Kerajaan Samudra Pasai

Samudera Pasai merupakan kerajaan Islam tertua di Indonesia. Keterangan tentang kerajaan ini diperoleh dari Marcopolo, saudagar bangsa Italia, yang singgah di Perlak pada tahun 1292. Ia menyebutkan bahwa rakyat Perlak sebagian besar telah memeluk agama Islam. Dari sejarah Dinasti Yuan di Cina diperoleh keterangan bahwa Samudera Pasai telah mengirimkan utusannya ke Cina pada tahun 1282. Samudera Pasai mula-mula berpusat di Samudera, lalu berpindah ke Pasai. Kedua negeri ini letaknya berdekatan, yaitu di pantai timur Aceh, daerah Lhok Seumawe (Aceh Utara). Menurut buku Hikayat Raja-raja Pasai, Perlak juga merupakan kerajaan. Namun kerajaan itu dipersatukan dengan kerajaan Samudera, setelah Sultan Malik al-Saleh menikah dengan Putri Ganggang dari Perlak.


Kerajaan Pasai pada mulanya dibangun oleh Laksamana Laut Mesir bernama Nazimuddin Al Kamil yang dikirim dinasti Mamaluk ke Samudera Pasai. Pada tahun 1283, Pasai dapat ditaklukkan. Marah Silu kemudian diangkat menjadi raja Pasai dengan gelar Sultan Malik Al Saleh (1285-1297). Pada tahun 1297 Sultan Malik Al Saleh wafat dan digantikan oleh putranya bernama Sultan Muhammad. Setelah naik takhta ia bergelar Malik al-Tahir. Ia memerintah sampai tahun 1325. Malik al-Tahir kemudian digantikan lagi oleh Sultan Ahmad yang bergelar Sultan Malik al-Zahir. Pada masa pemerintahannya, seorang pengembara dari Maroko bernama Ibnu Batutah singgah di Samudera Pasai pada tahun 1354. Menurut Ibnu Batutah, Sultan Malik al-Zahir sangat taat kepada ajaran Islam. Jika pergi sembahyang Jum’at, ia berjalan kaki dan pulangnya naik gajah. Dan disebutkan pula bahwa di antara pembesar istana terdapat orang Persia (Iran).
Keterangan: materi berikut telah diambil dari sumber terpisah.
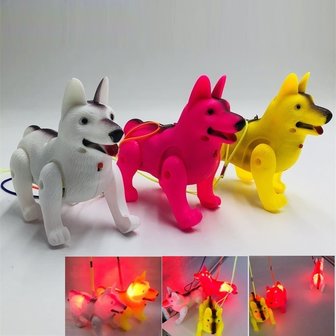 lopende Hond, ledverlichting, muziek, incl 2 aa, per 16 St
Sultan Malik al-Zahir wafat tahun 1348 dan digantikan oleh putranya bernama Zainal Abidin. Ia naik takhta dalam usia yang masih muda, sehingga pemerintahan dijalankan oleh para pembesar kerajaan. Ketika armada Cina di bawah pimpinan Cheng-Ho singgah di Pasai tahun 1405, raja Pasai yang mereka temui masih Zainal Abidin. Akan tetapi ketika Cheng Ho datang lagi ke Pasai tahun 1412 Sultan Zainal Abidin telah wafat. Raja-raja Pasai berikutnya tidak tercatat dalam sejarah. Pengaruhnya telah dikalahkan oleh kerajaan Islam lainnya yaitu Kesultanan Malaka.

Nama Samudera sampai sekarang tetap abadi. Ibnu Batutah mengeja dan menyalin nama Samudera menjadi Sumatrah. Nama Sumatrah ini dipakai oleh para pelaut Arab. Nama Sumatrah ini oleh orang Eropa diucapkan Sumatera seperti yang kita kenal sekarang. Dengan demikian Pulau Sumatera merupakan terjemahan dari kata Samudera.